[[ Material for the task, beginning ]]

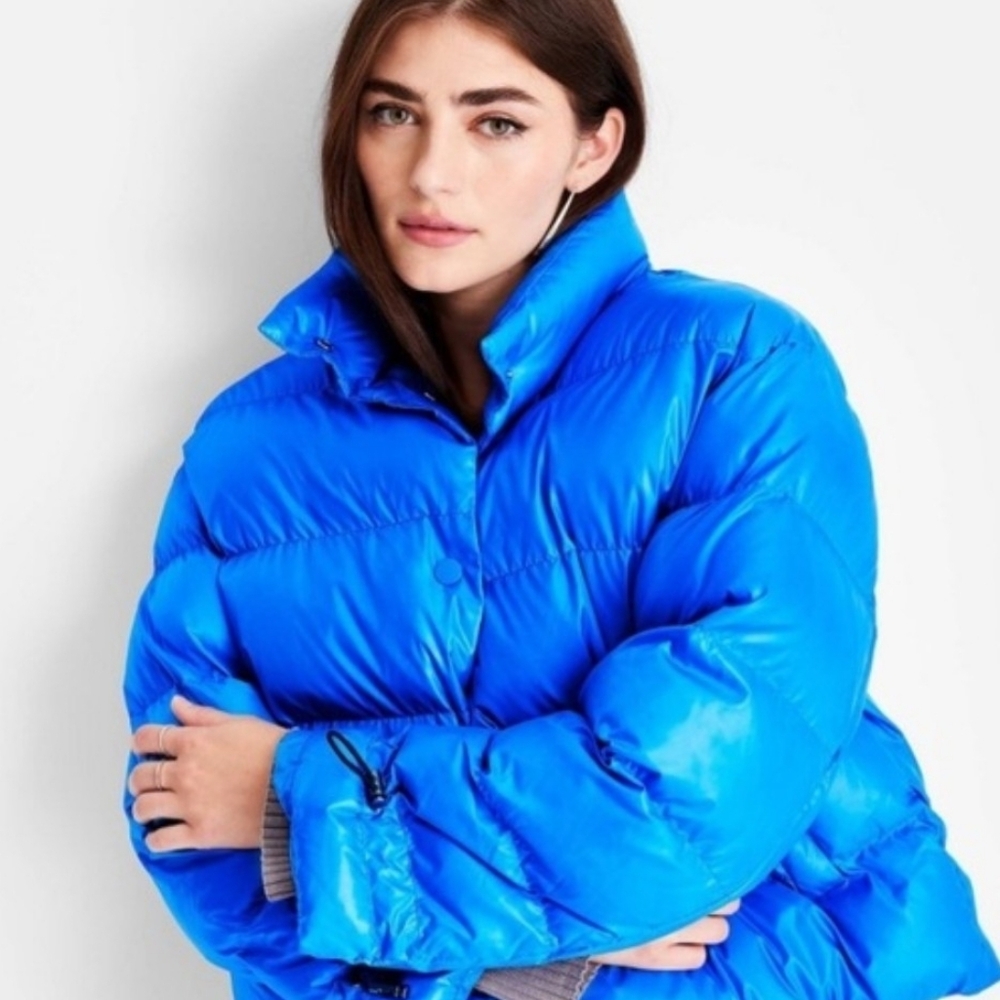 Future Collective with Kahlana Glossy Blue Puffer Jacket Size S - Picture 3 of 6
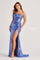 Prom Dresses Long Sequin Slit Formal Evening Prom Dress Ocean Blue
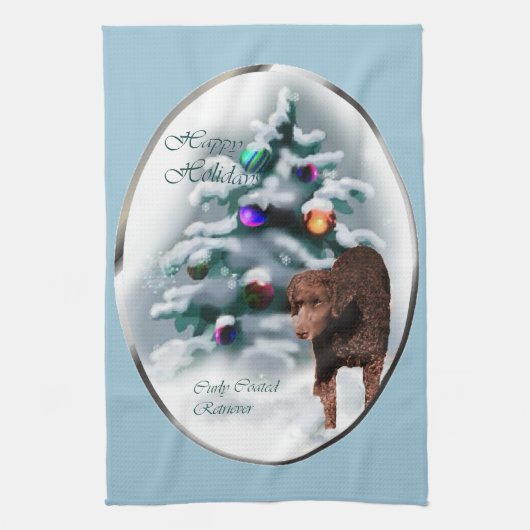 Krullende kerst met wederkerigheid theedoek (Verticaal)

[[ Material for the task, end ]]
[[ Material for the task, beginning ]]

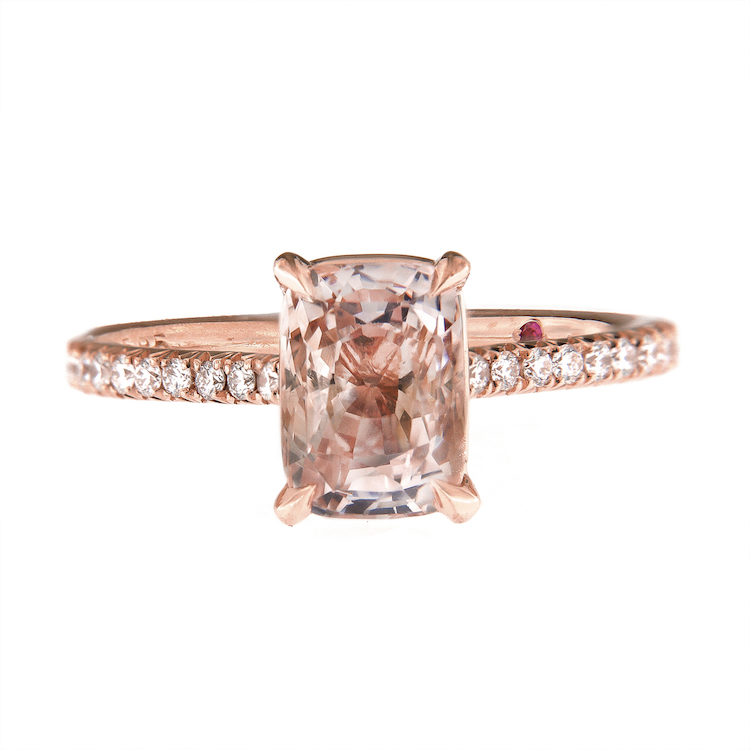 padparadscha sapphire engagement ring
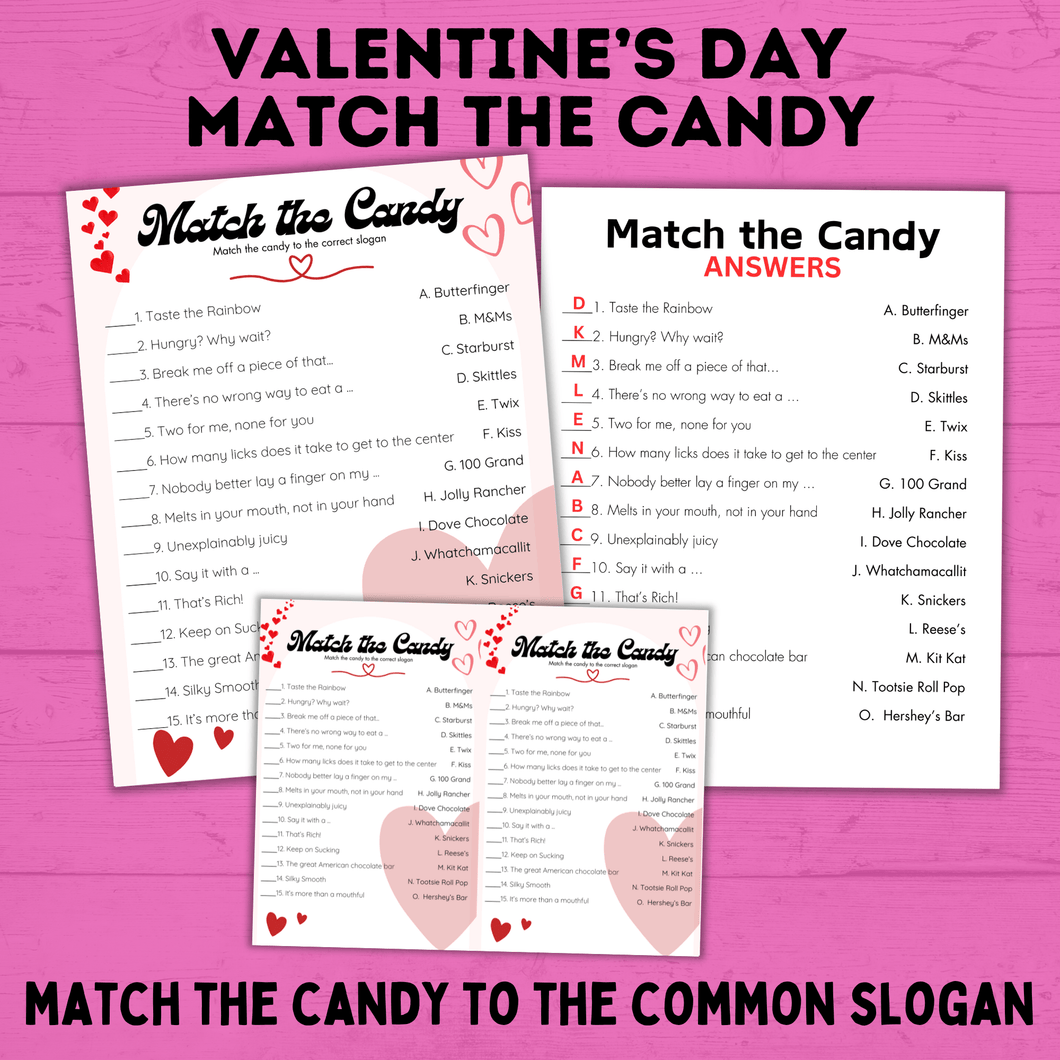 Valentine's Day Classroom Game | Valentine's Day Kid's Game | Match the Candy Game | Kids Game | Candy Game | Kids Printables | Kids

[[ Material for the task, end ]]

| Work to be completed |
Transcribe only this stretch of the data: the line with "padparadscha sapphire engagement ring", the line with "Valentine's Day Classroom", and every line in between. Leave out the pictures.

| Response |
 padparadscha sapphire engagement ring
 Valentine's Day Classroom Game | Valentine's Day Kid's Game | Match the Candy Game | Kids Game | Candy Game | Kids Printables | Kids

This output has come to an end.